Tensions run high from the gate as Seve and his playing partner and countryman, José María Olazábal, are matched in fourball against none other than Strange and Kite.
To say there is bad blood is to woefully undersell it.
Trouble starts at the first hole. Seve scrapes his approach short and left, leaving maybe a 40-foot chip. His protégé, Olazábal, is on in regulation, 20 feet closer, above the hole. In Spanish, Seve tells his partner to go first. Olazábal misses, and Seve, again in Spanish, tells him to putt out. None of this is a breach of decorum, but the confused American players require clarification about what’s happening. Strange goes well beyond gamesmanship and asks, “Can you speak in Christian?”
Seve locks into his shot. By this point it’s well known that he feeds off of this brand of animosity. Confidence follows from rage, and rage follows from insult. It seems as if the memories are beginning to flood through him, from how he was treated as a teenage caddie at the Real Club de Golf de Pedreña, where he was nearly fired for taking an idle practice swing, to all of the slights—real and perceived—during his time in the U.S. Absolutely every last goddamn thing about Tom Kite.

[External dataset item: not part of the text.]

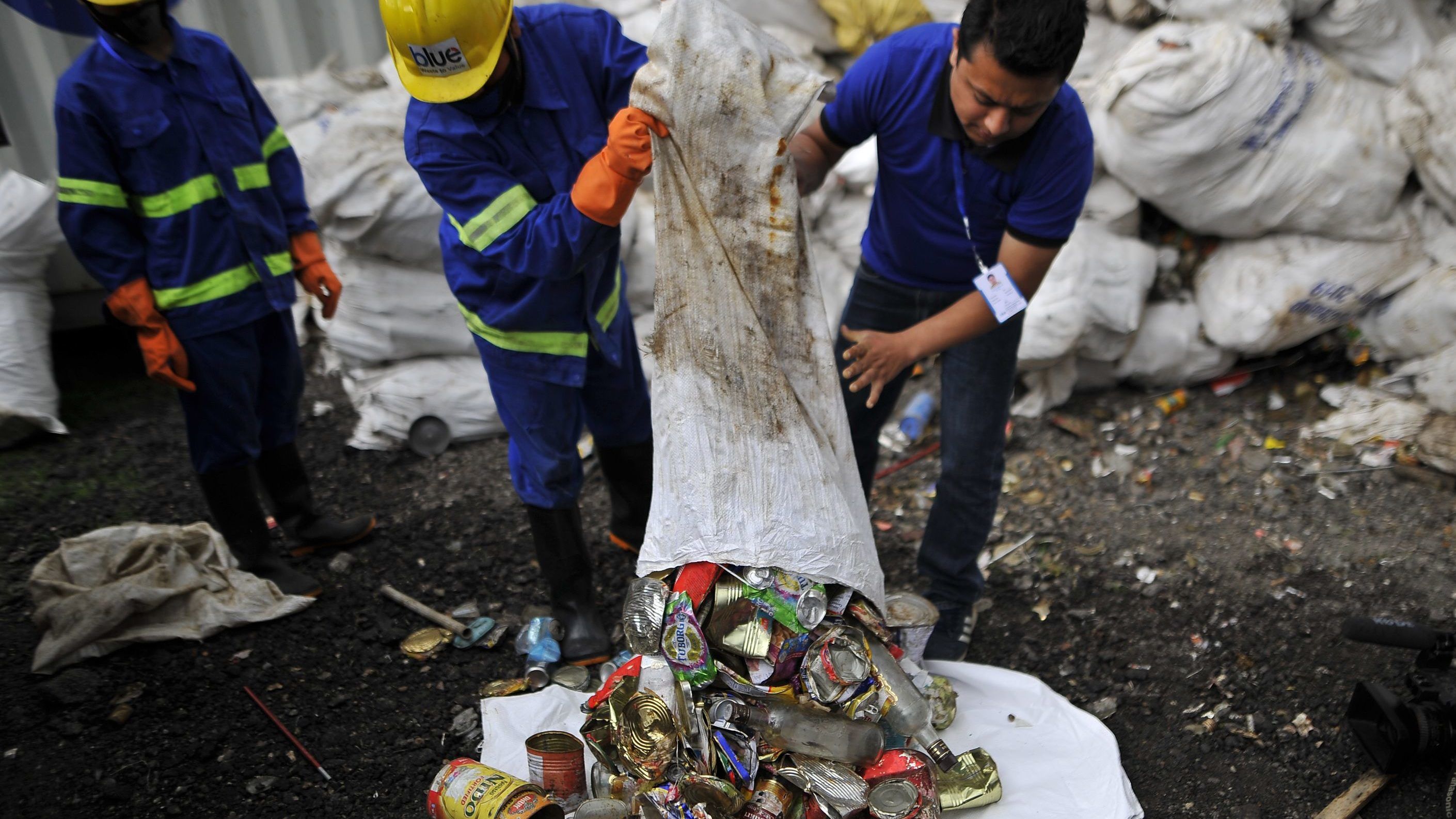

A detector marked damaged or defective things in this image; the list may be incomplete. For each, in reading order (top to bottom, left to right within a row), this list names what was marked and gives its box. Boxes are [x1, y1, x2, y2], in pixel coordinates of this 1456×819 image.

rusty tin can [425, 758, 562, 816]
rusty tin can [527, 729, 588, 804]
rusty tin can [862, 752, 943, 816]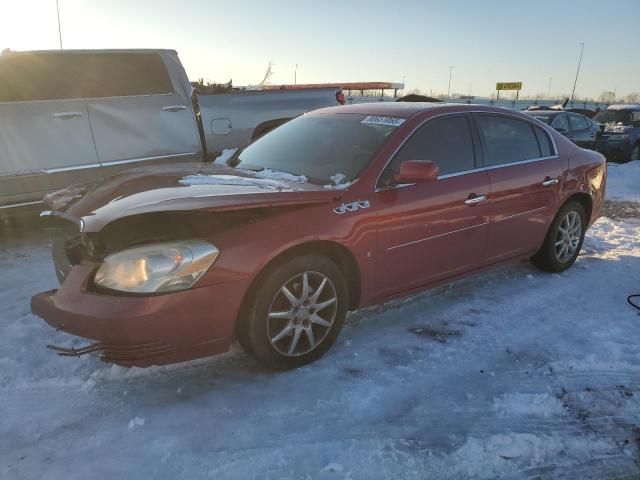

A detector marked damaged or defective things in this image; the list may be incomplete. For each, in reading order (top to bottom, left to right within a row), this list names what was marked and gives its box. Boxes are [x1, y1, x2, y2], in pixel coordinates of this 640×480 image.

When Seve’s chip goes in, Strange still has a putt left to halve. Seve, the king of European gamesmanship, turns to Olazábal and tells him, in English, “Don’t worry. Curtis won’t hole his putt.” And the eventual two-time U.S. Open champion misses. Rage wins the day: The Europeans take every afternoon match and eventually defeat the Americans on their home soil for the first time. Back in the time of Francisco Goya, the Spanish Romantic painter whose career stretched from the middle of the 18th century to the first decades of the 19th, Spain began to suffer major reversals in its global stature. Napoleon invaded in 1808, and Goya’s depictions of the attendant slaughter remain amongst the most bracing images of death in real time. In the war’s aftermath, he began to record Spain’s majos and majas, working-class men and women aggressively traditional in their dress and patriotism and deeply resentful of the ruling aristocracy. Every waking day, but especially at the Ryder Cup, Seve strutted like a majo.
3
1984 Open Championship Final Round The 6-iron approach at the Road Hole
In training, technique and temperament—and certainly in public relations—Seve could never be considered a modern athlete. Though wildly popular, he never would have made the nut as the poster boy for today’s aggressive and existentially driven expansions by the PGA Tour and European Tour into China and the Middle East. Seve was a Spaniard who preferred being close to home. He made periodic forays to the U.S. to chase easy money and wider glory. He fought constantly with authority figures on both tours. He simply could not abide the arcana.
Seve struggled with English early on, but he always understood its insults: the constant needling from the American press, galleries and fellow players. He was anxious for the world’s recognition, but slow to adapt to its realities. On the recommendation of his sometime mentor, Roberto De Vicenzo, Seve attempted the 108-hole PGA Tour qualifying school in 1976. Through three rounds, he was set to be the youngest golfer ever to make it. It took a 40 on the final nine of the last day to leave him outside the qualifications. Some suggest it wasn’t a total accident.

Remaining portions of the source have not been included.